* INPUT DATA

━━━━━━

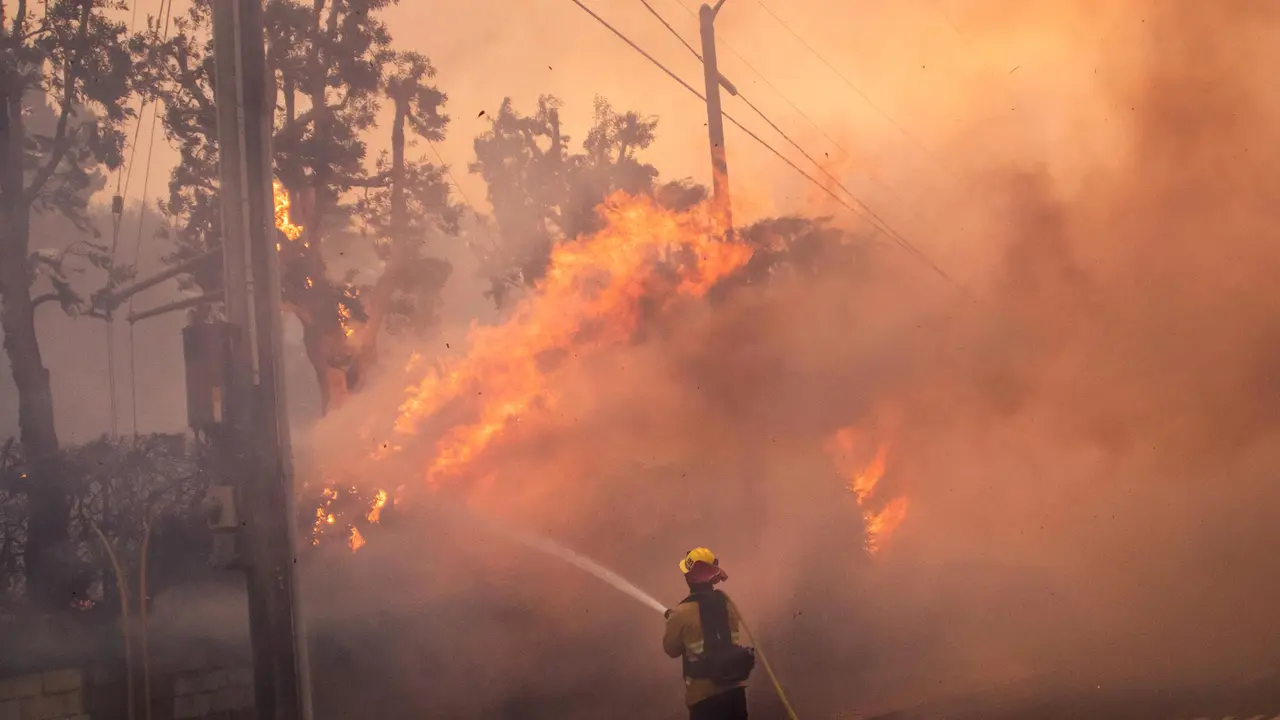 Kebakaran Hutan Meluas, Puluhan Ribu Orang di Los Angeles AS Mengungsi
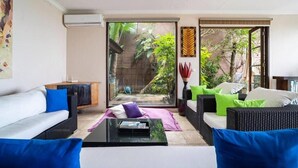 Superior Villa, Sea View | Living area - Aomi Villa (Senggigi)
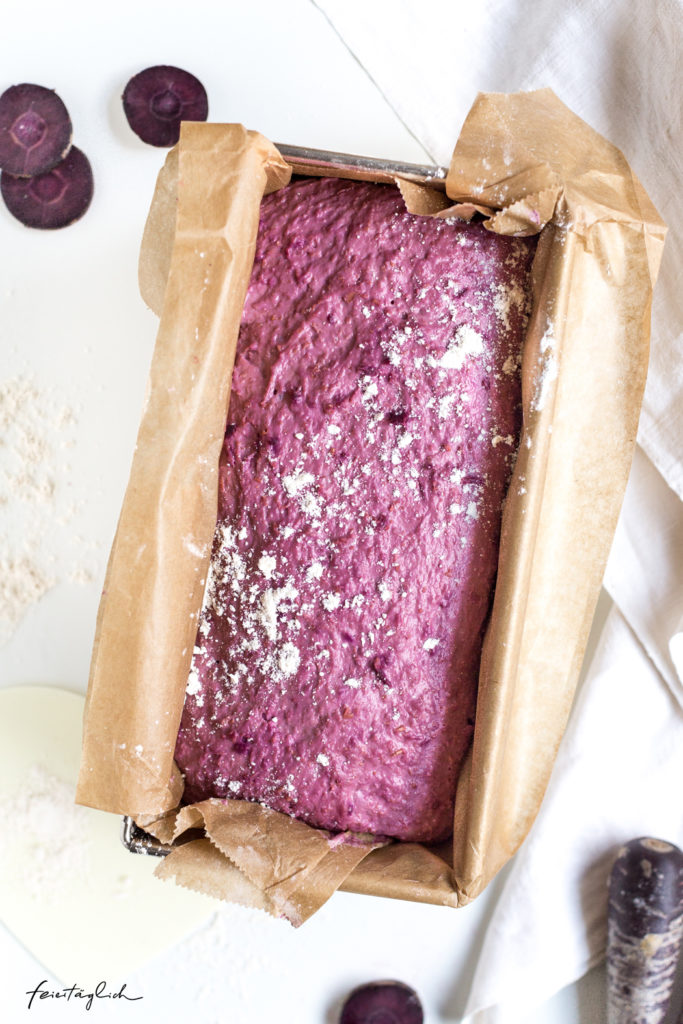 Lila Dinkel-Toastbrot mit Sauerteig und violetten Karotten – Rezept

━━━━━━

Leave the pictures out and restate the listing word for word.

* REPLY TO THE TASK
 Kebakaran Hutan Meluas, Puluhan Ribu Orang di Los Angeles AS Mengungsi
 Superior Villa, Sea View | Living area - Aomi Villa (Senggigi)
 Lila Dinkel-Toastbrot mit Sauerteig und violetten Karotten – Rezept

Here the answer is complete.